From 2d10daa8213d99ecb8105faa8120c37e01b62664 Mon Sep 17 00:00:00 2001
From: Mykhailo Korobkov <m.korobkov@mil.ua>
Date: Thu, 14 May 2026 12:08:49 +0300
Subject: [PATCH 5/5] feat(vindex): wire MLA absorption into f32 weight writer

write_model_weights_with_opts now accepts DS-V3 / MLA architectures when all
three geometry fields (qk_nope_head_dim, qk_rope_head_dim, v_head_dim) are
present in config.json. When detected:

- skips the standard-attention guard
- per layer: fetches kv_a/kv_b/q_a/q_b projections, calls mla_absorb::absorb,
  writes the resulting dense Q/K/V under the standard attn_q/k/v key names
- O projection is passed through unchanged (no absorption needed)

The loader remains MLA-unaware: it reads standard Q/K/V tensors just as for
any Llama/Mistral model.
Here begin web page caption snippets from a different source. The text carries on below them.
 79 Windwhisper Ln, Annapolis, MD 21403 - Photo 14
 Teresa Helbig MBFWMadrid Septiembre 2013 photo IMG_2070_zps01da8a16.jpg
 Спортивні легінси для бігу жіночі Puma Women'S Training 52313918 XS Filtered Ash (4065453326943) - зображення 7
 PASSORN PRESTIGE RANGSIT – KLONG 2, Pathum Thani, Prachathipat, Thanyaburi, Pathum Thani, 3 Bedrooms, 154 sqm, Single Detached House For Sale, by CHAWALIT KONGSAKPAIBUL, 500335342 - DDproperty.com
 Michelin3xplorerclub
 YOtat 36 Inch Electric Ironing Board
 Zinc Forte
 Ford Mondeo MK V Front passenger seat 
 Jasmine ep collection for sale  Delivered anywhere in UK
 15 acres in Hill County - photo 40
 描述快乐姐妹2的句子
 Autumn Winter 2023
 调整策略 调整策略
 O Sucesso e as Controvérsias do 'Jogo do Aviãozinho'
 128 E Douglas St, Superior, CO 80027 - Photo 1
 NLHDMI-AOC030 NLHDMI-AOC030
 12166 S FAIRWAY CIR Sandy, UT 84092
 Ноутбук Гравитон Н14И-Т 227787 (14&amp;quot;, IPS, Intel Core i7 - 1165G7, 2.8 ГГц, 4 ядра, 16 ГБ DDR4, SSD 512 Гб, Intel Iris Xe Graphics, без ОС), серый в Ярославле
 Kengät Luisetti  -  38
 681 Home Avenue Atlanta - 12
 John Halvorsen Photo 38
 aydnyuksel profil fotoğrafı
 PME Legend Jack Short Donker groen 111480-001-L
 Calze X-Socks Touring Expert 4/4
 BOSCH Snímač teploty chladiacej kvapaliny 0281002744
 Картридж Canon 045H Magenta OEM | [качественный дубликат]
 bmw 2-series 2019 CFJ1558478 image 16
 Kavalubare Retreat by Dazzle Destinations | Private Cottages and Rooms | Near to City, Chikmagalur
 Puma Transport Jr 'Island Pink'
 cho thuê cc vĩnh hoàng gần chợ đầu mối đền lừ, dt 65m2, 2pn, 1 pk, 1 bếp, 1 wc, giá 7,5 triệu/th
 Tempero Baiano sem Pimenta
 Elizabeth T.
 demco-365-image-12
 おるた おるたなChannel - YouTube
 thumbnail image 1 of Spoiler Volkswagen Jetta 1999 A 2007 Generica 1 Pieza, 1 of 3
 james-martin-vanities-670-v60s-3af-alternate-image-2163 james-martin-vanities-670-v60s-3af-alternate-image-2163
The extra storage cost (absorbed K replicates the
MQA rope-K row num_kv times) is acceptable for DS-V3 full scale (~3.5 GB
extra per 61 layers on num_kv=128).

All 971 larql-vindex unit + integration tests pass.
---
 .github/workflows/larql-vindex.yml            |   9 ++
 Cargo.lock                                    |   1 +
 crates/larql-compute/src/attention/gqa.rs     |  18 ++-
 .../larql-models/src/architectures/gemma3.rs  |   3 +
 .../tests/test_expert_endpoint.rs             |   3 +
 .../src/format/weights/mla_absorb.rs          |  49 +++++--
 .../src/format/weights/write_f32.rs           | 133 ++++++++++++++++--
 7 files changed, 195 insertions(+), 21 deletions(-)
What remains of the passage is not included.